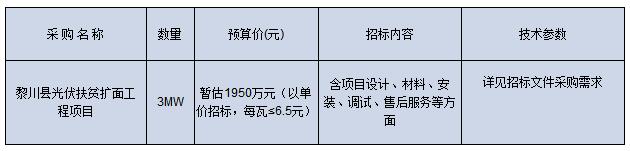 江西黎川縣3MW光伏扶貧擴面工程招標公告:預算每瓦≤6.5元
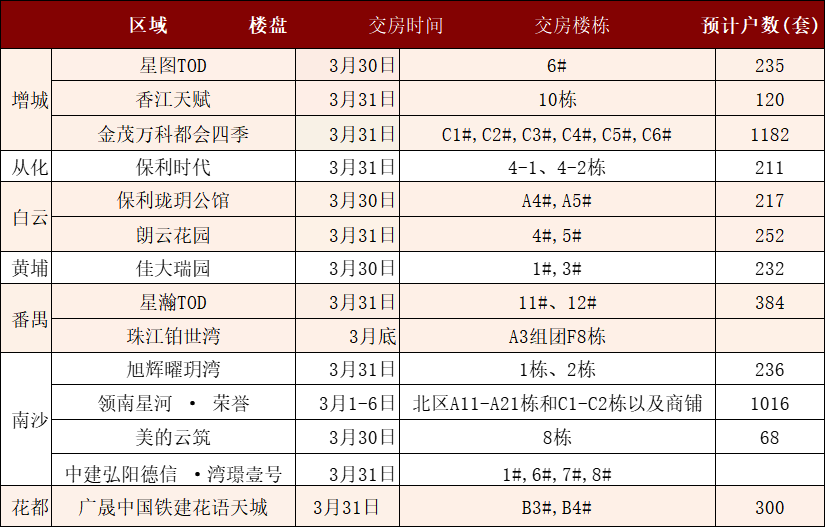 南沙这4个盘即将交付，看看有没有你的小区！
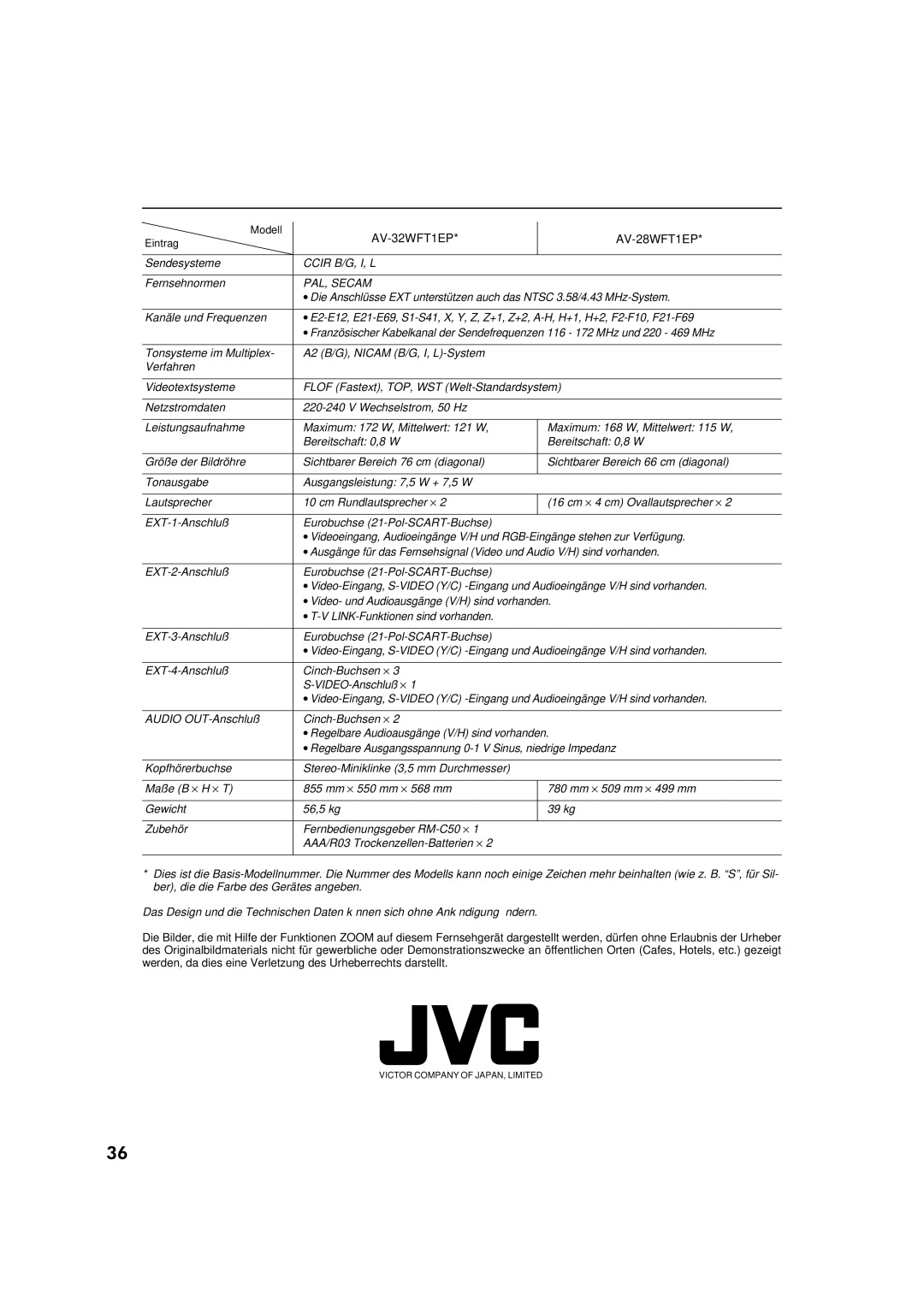 JVC AV-32WFT1EP, AV-28WFT1EP manual 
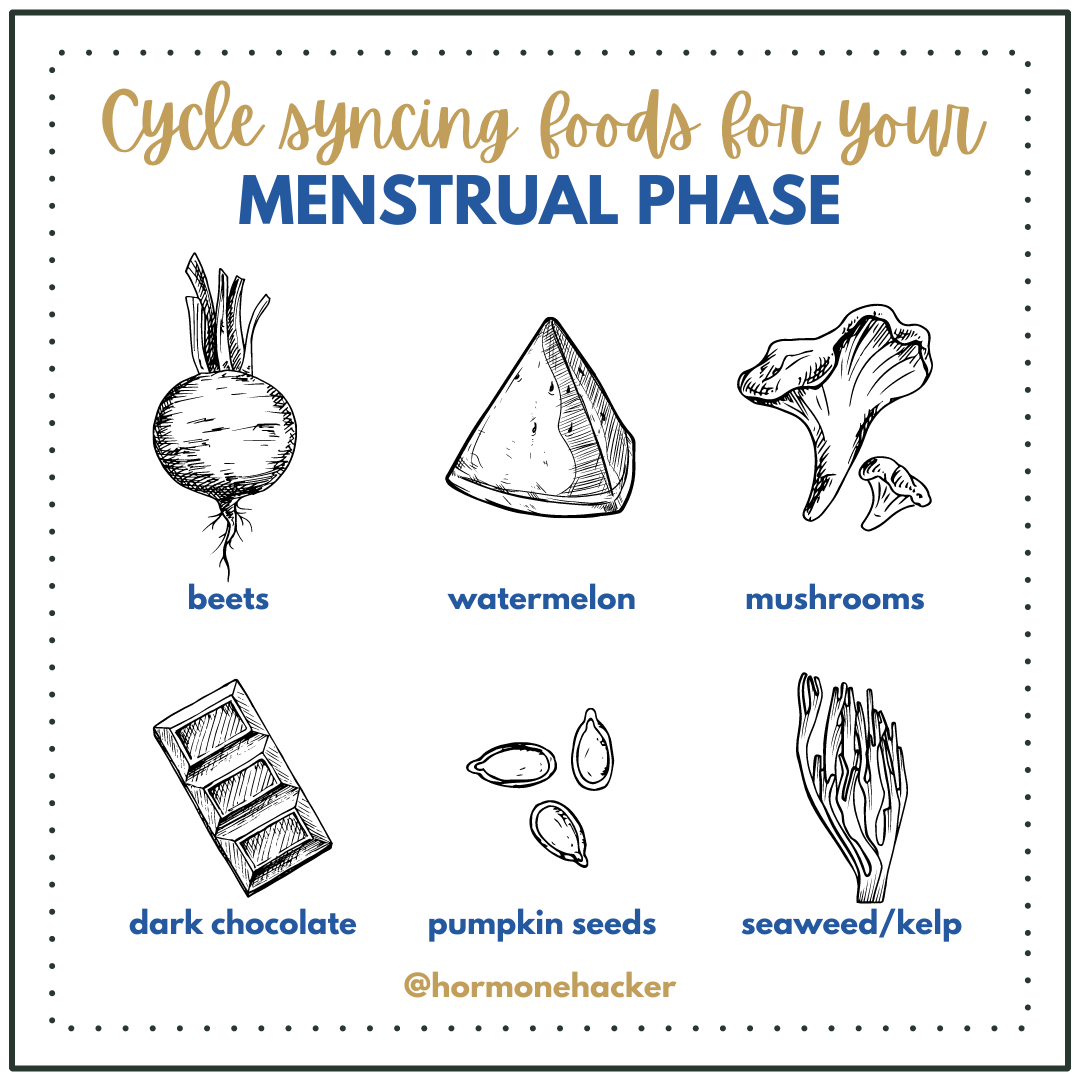 Food Charts For Each Phase of Your Menstrual Cycle  Happy hormones,  Menstrual cycle, Menstrual health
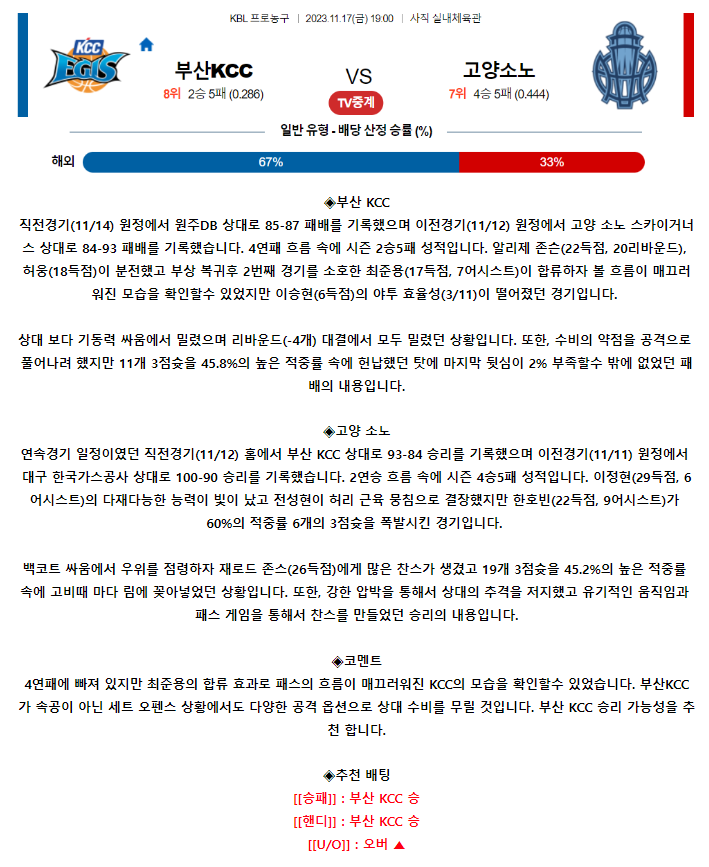 [스포츠무료중계KBL분석] 19:00 부산 KCC vs 고양 소노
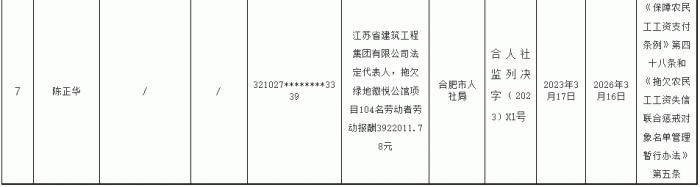 合肥人社局公布2023年第一季度拖欠农民工工资失信名单 ，7人上榜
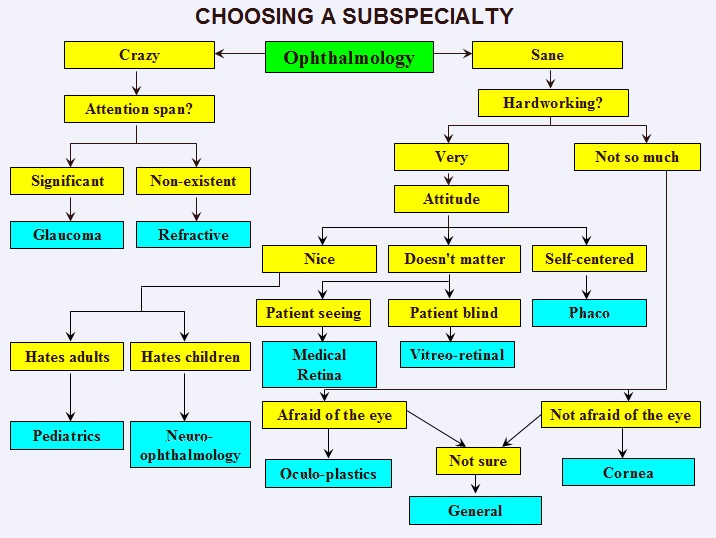 Humor - How to chose a subspecialty.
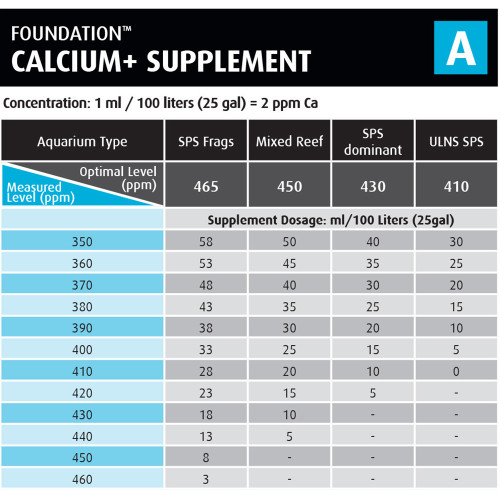 Red Sea Foundation A B C Combo (3x 500 ml) Alkalinity, Calcium, Magnesium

TRY IT: An exact copy of all the entries above is required, with every picture left out.

SOLUTION FOR THIS EXERCISE:
 江西黎川縣3MW光伏扶貧擴面工程招標公告:預算每瓦≤6.5元
 南沙这4个盘即将交付，看看有没有你的小区！
 JVC AV-32WFT1EP, AV-28WFT1EP manual 
 Food Charts For Each Phase of Your Menstrual Cycle  Happy hormones,  Menstrual cycle, Menstrual health
 [스포츠무료중계KBL분석] 19:00 부산 KCC vs 고양 소노
 合肥人社局公布2023年第一季度拖欠农民工工资失信名单 ，7人上榜
 Humor - How to chose a subspecialty.
 Red Sea Foundation A B C Combo (3x 500 ml) Alkalinity, Calcium, Magnesium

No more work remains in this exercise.